= Beginning of Section =

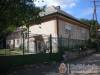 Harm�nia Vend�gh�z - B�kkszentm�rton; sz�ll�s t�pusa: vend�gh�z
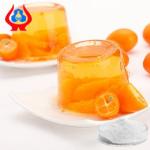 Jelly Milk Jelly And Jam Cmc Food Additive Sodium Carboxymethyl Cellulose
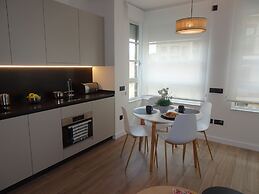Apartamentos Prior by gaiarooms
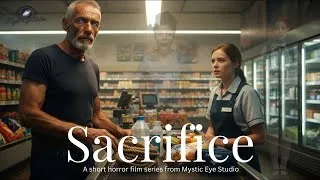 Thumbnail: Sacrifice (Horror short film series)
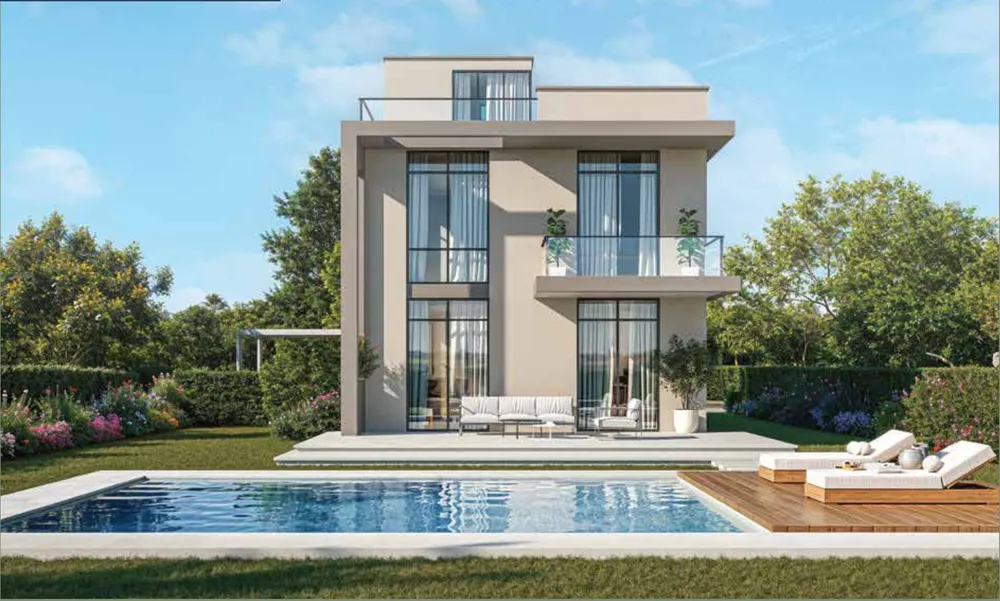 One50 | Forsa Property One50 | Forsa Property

= End of Section =
= Beginning of Section =

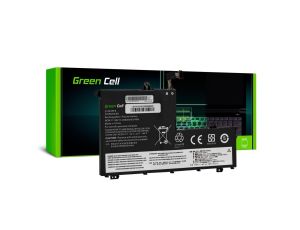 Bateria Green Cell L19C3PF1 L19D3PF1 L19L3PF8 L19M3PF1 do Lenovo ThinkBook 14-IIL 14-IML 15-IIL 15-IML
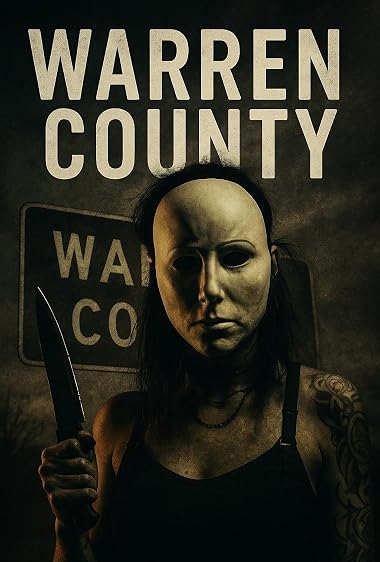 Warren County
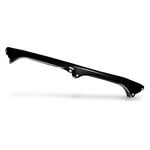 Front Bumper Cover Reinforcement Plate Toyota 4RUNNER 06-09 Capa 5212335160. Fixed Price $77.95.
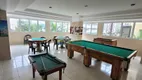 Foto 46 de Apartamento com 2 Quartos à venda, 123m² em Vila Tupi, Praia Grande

= End of Section =
= Beginning of Section =

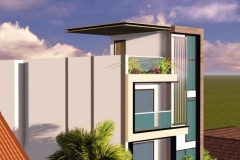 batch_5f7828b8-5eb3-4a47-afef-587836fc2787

= End of Section =

(Work to be completed): Among the entries above, copy exactly the stretch from the line holding "Front Bumper Cover" through the line holding "Foto 46 de Apartamento", leaving out any pictures.

(Reply to the task):
 Front Bumper Cover Reinforcement Plate Toyota 4RUNNER 06-09 Capa 5212335160. Fixed Price $77.95.
 Foto 46 de Apartamento com 2 Quartos à venda, 123m² em Vila Tupi, Praia Grande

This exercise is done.